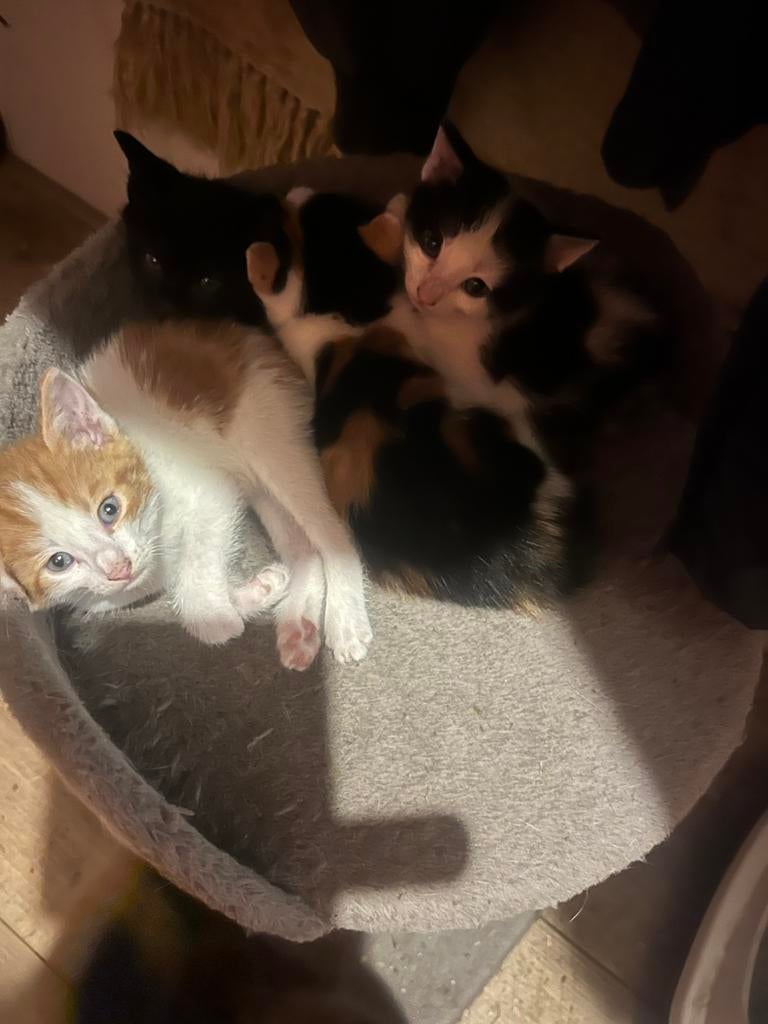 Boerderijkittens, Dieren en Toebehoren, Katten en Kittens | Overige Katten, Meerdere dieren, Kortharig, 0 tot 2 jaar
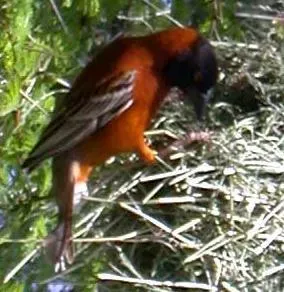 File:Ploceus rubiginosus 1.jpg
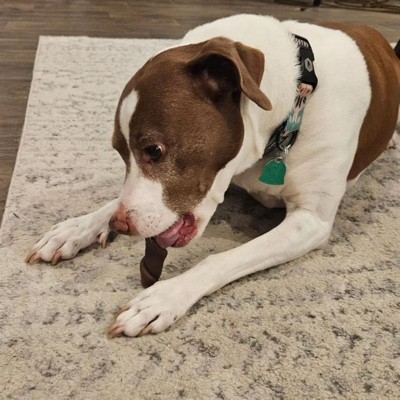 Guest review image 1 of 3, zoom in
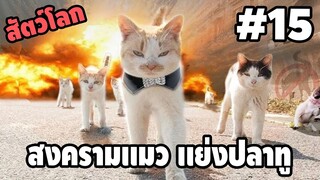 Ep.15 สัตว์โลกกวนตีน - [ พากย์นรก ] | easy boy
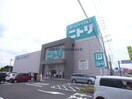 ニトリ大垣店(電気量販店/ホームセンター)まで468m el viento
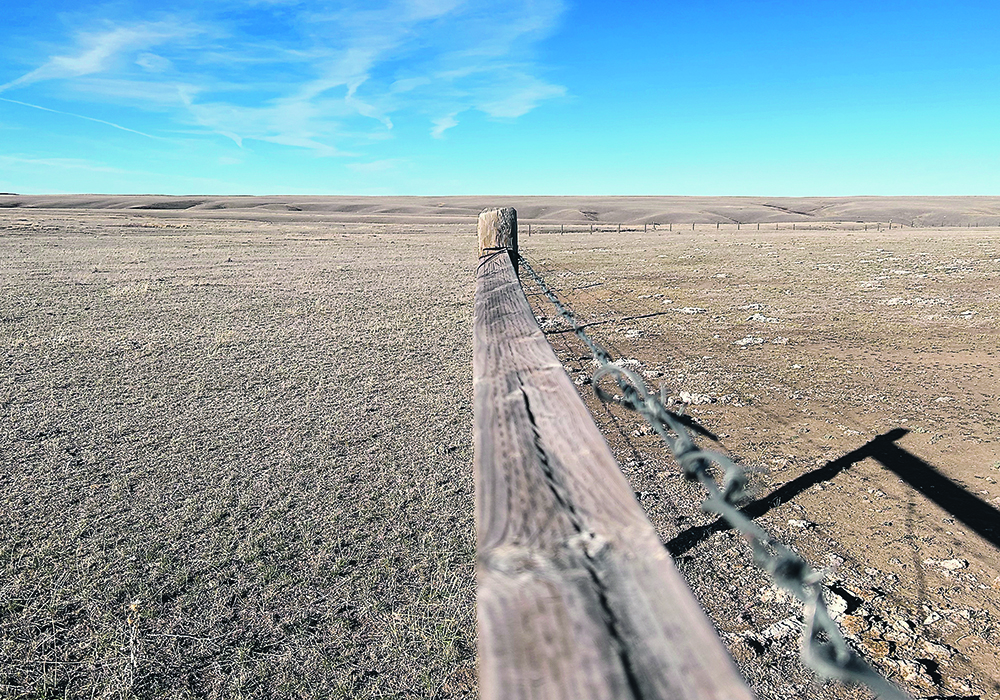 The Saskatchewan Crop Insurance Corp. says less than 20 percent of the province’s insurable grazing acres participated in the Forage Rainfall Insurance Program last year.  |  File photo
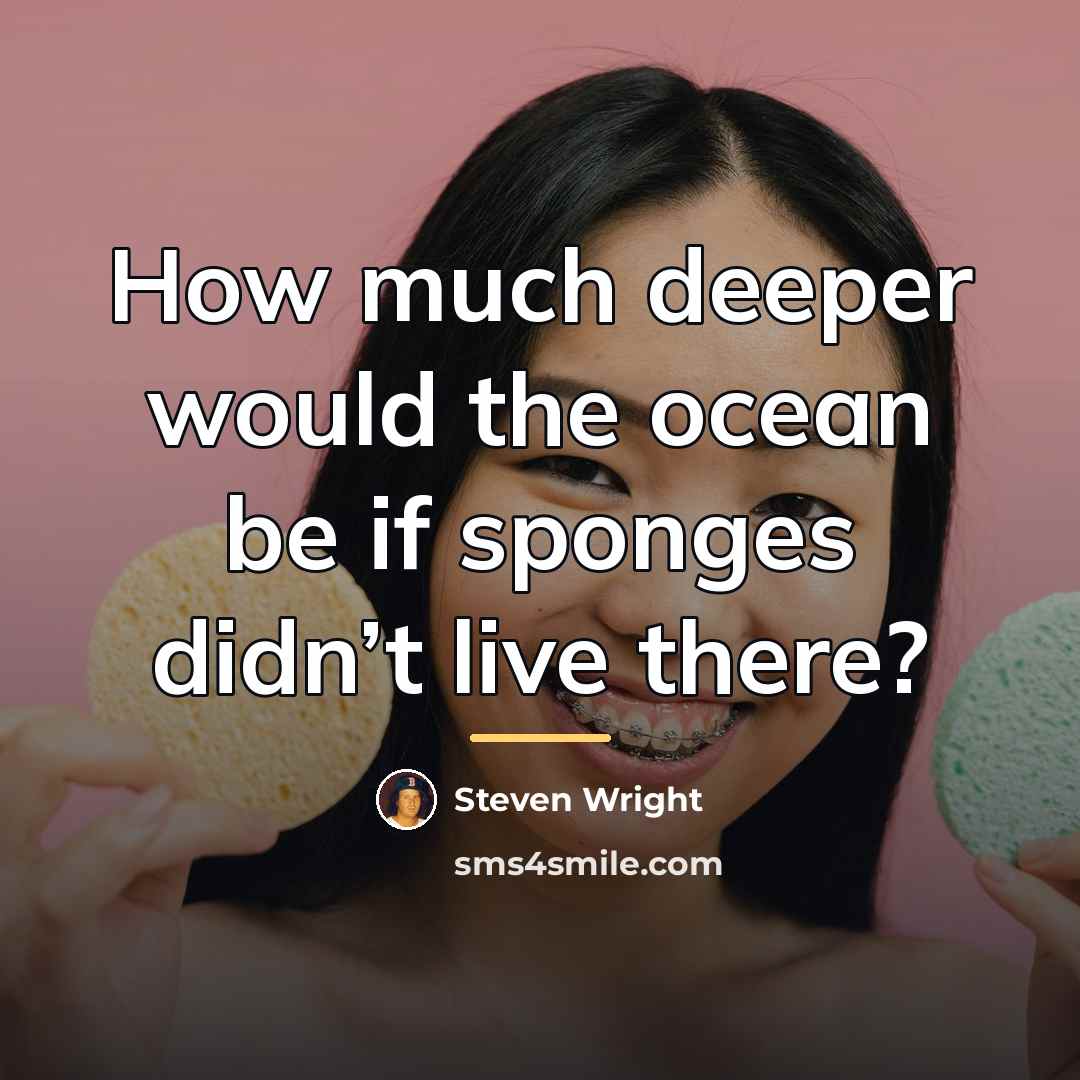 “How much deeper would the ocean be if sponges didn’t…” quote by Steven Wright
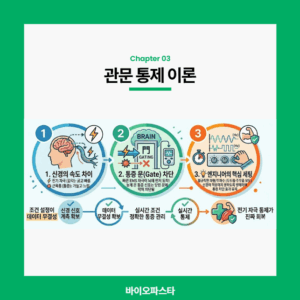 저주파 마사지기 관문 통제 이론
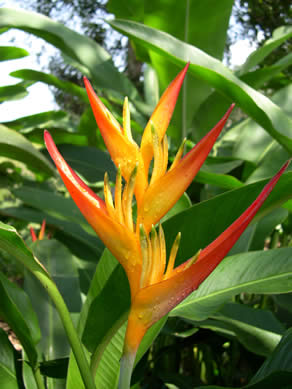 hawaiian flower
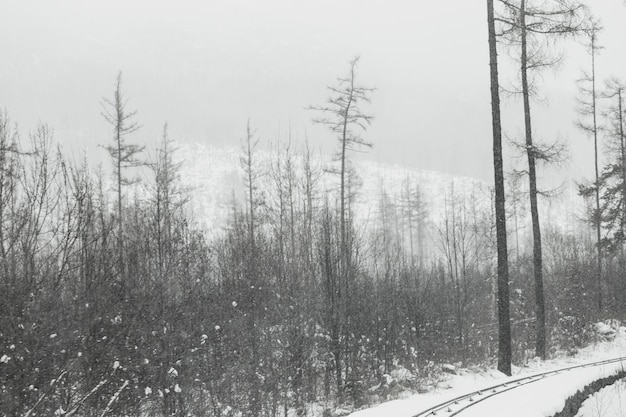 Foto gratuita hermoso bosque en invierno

◆ Work task
Using the data above, output the line that has "Ep.15 สัตว์โลกกวนตีน - [ พากย์นรก", the line that has "ニトリ大垣店(電気量販店/ホームセンター)まで468m el viento", and whatever lines fall between, each exactly as it stands and without pictures.

◆ Response
 Ep.15 สัตว์โลกกวนตีน - [ พากย์นรก ] | easy boy
 ニトリ大垣店(電気量販店/ホームセンター)まで468m el viento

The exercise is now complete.